- _Problem to work on_: Output exactly, and only, the lines below from the one with "Des élèves nourrissent" down to the one with "Blue Pool walking track Logo and Images". Include both end lines and no pictures.
---------- Working data
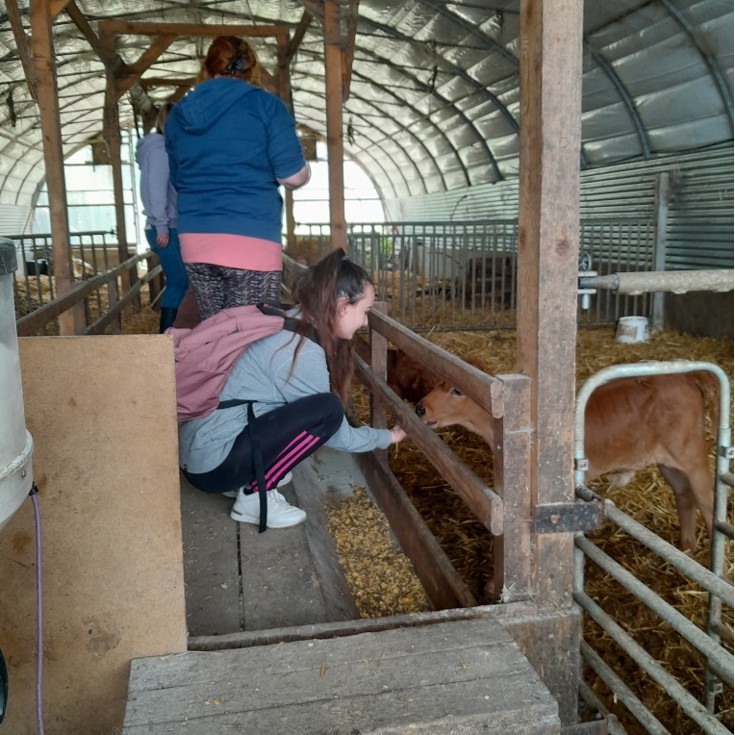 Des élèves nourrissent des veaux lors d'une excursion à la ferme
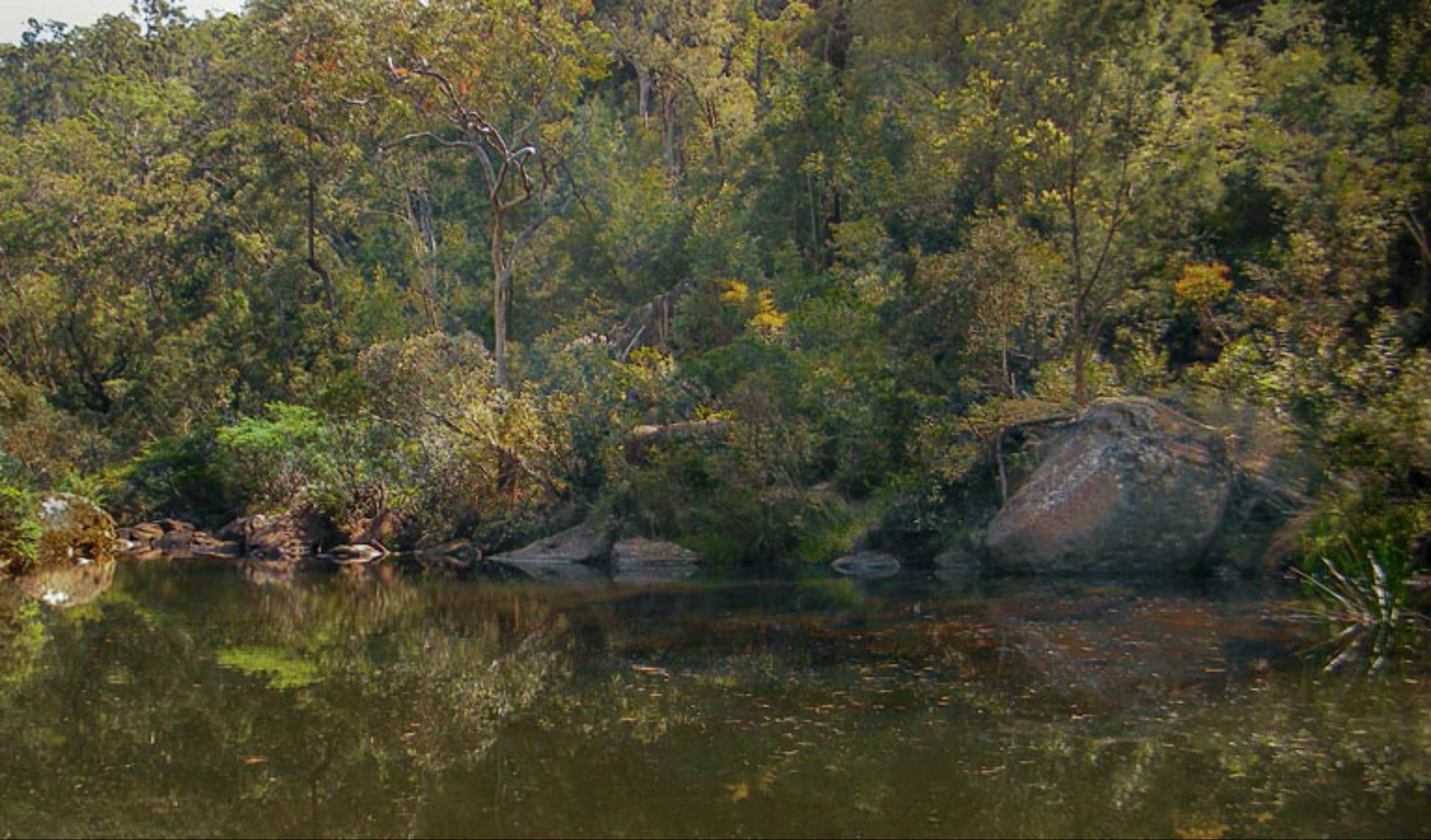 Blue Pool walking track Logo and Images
--------------------
---------- Working data
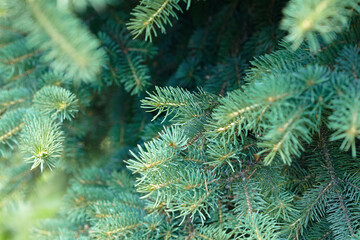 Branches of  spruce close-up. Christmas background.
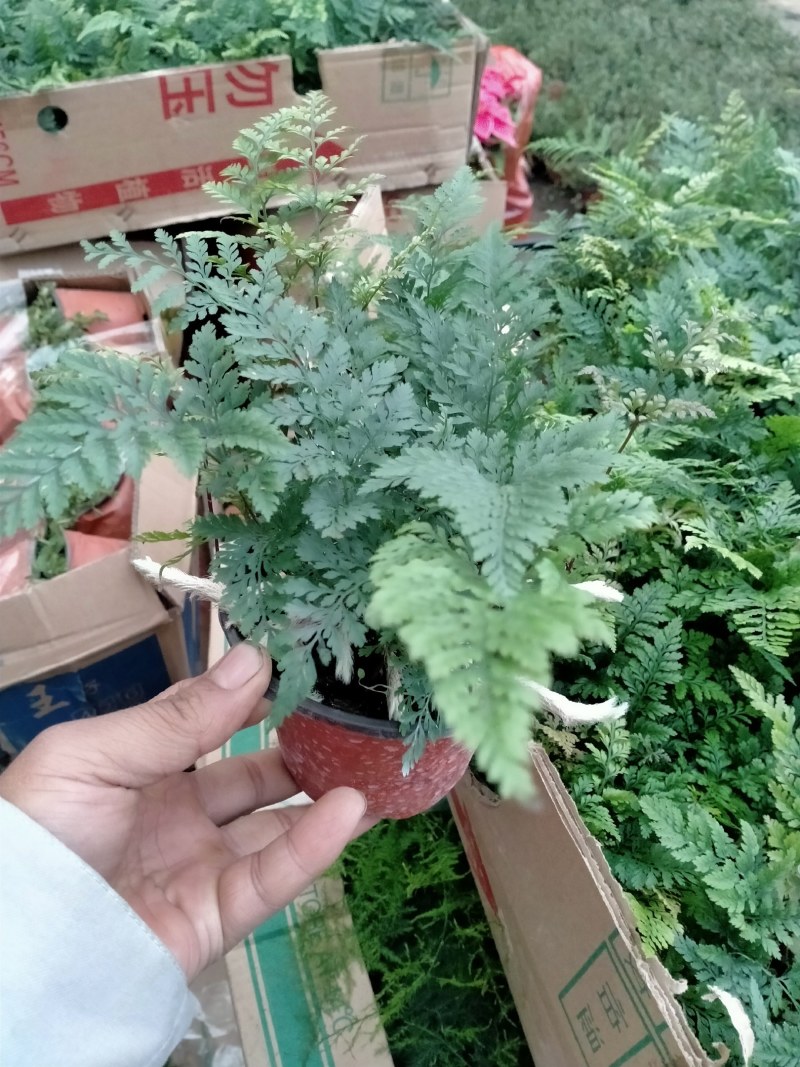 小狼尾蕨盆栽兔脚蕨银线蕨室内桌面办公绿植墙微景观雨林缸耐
--------------------
- _Task response_:
 Des élèves nourrissent des veaux lors d'une excursion à la ferme
 Blue Pool walking track Logo and Images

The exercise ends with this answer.